Yeah sure, go for it.
If you want to be really realistic for the 14th century Europe, which is Toady's target setting IIRC, then it would mostly only be bloomeries, no blast furnaces. Which would require a good bit more work, but is doable. (note that pig iron is truly a waste product in that case, which it was):
1) You would want to add another reaction along the lines of "hammer bloom into iron" that takes one of the bloom_iron bars and makes it into an iron bar, for just one fuel (no extra carbon needed)
2) If possible, you would want to require steel armor and weapons to take a mixture of iron and steel. They would actually have been mostly iron core with steel casings forged onto them. Given the quality of steel at that point in history, this was stronger, because the softer core absorbed shocks without shattering, while the case held the edge and resisted weathering. But I'm not sure if this is worth it for modding. One semi-realistic compromise would be to have the forge make "un-hardened armor/weapon" and then allow an extra carburization at the bloomery to make it hardened armor/weapon. I don't actually know if that'd even be any easier, though.
3) Remove the smelter building entirely
4) Make your own custom smelter building copy for lower temp metal reactions only.
5) If you want to be really obnoxious, you could require the standard flux that is actually used for copper smelting ---
iron ore. Lol!
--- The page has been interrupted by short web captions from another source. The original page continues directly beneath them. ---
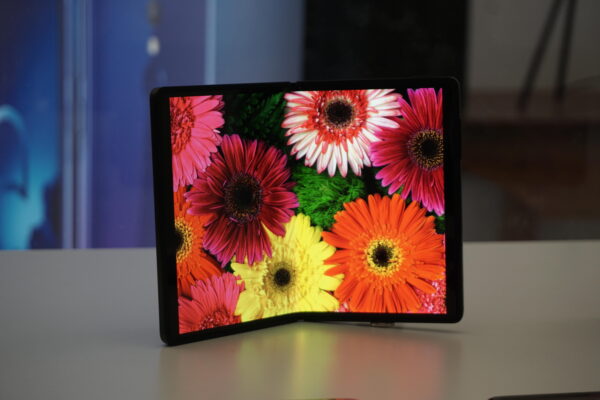 TCL's DragonHinge lets phones bend and fold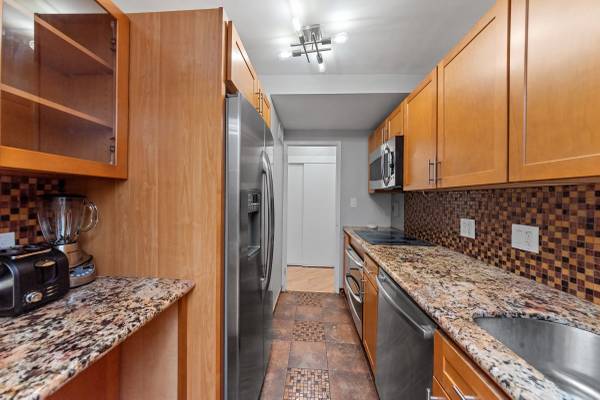 $2,500 / 2br - Condominio de 2 dormitorios en alquiler en Lake Shore Dr. ¡Cargado de comodidades! ¡Imperdible! (Lake View)63781419864195124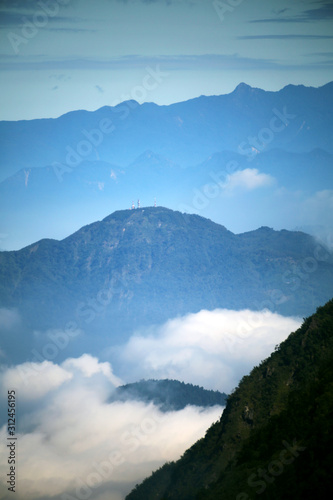 Cloudy scenes often appear in the high mountains of central Taiwan, and the scenery seems very magnificent and beautiful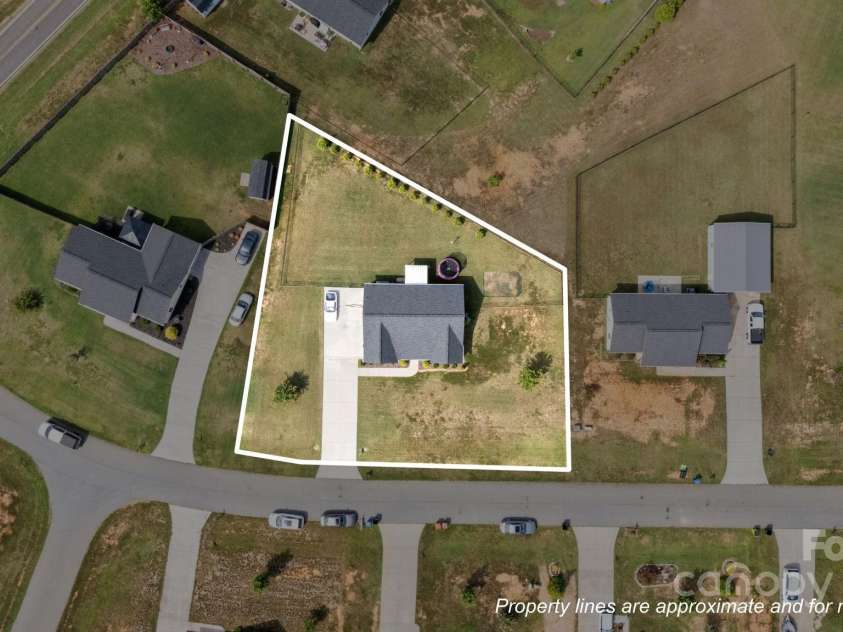 149 Tuscan Way, Lexington, NC 27295.  MLS# CAR4288019, YatesRealty ID 31449.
Or to be somewhat fairer, allow high quality copper with just a little bit of iron ore flux (something like 2 copper ore + 1 iron ore = 8 pure copper), or lower quality copper without iron ore flux, which is a separate metal you can still make weapons and stuff out of, but modify the physical attributes to be brittler and weaker.
6) Tin and lead don't really require flux, nor does alloying already smelted tin and copper.
7) You should NOT be able to make bronze out of only the ores directly, like in DF.
Gold or anything else that comes in native form shouldn't need any flux or anything, since it's not actually ore - it's just melting nuggets into bars, at low temps. A campfire can "smelt" gold nuggets.
9) You could possibly consider arsenic-containing ores yielding stronger bronzes (terahedrite, stibnite), which is discussed in much more depth in another thread active now around here somewhere. You would in this case want 3 types of copper and 3 types of bronze: impure-non-arsenic copper, impure-arsenic copper (both weak themselves), pure copper (stronger), impure-non-arsenic bronze (only marginally better), pure bronze (better still), arsenic-bronze (strongest, not as good as steel)
One way of making it easier to mod all the smelting stuff might be to remove smelters and then add custom reactions to the kiln building, which the game allows you to do. And mildly realistic (kilns
would get the job done and may have been used earlier in history, though it's pretty anachronistic for medieval Europe).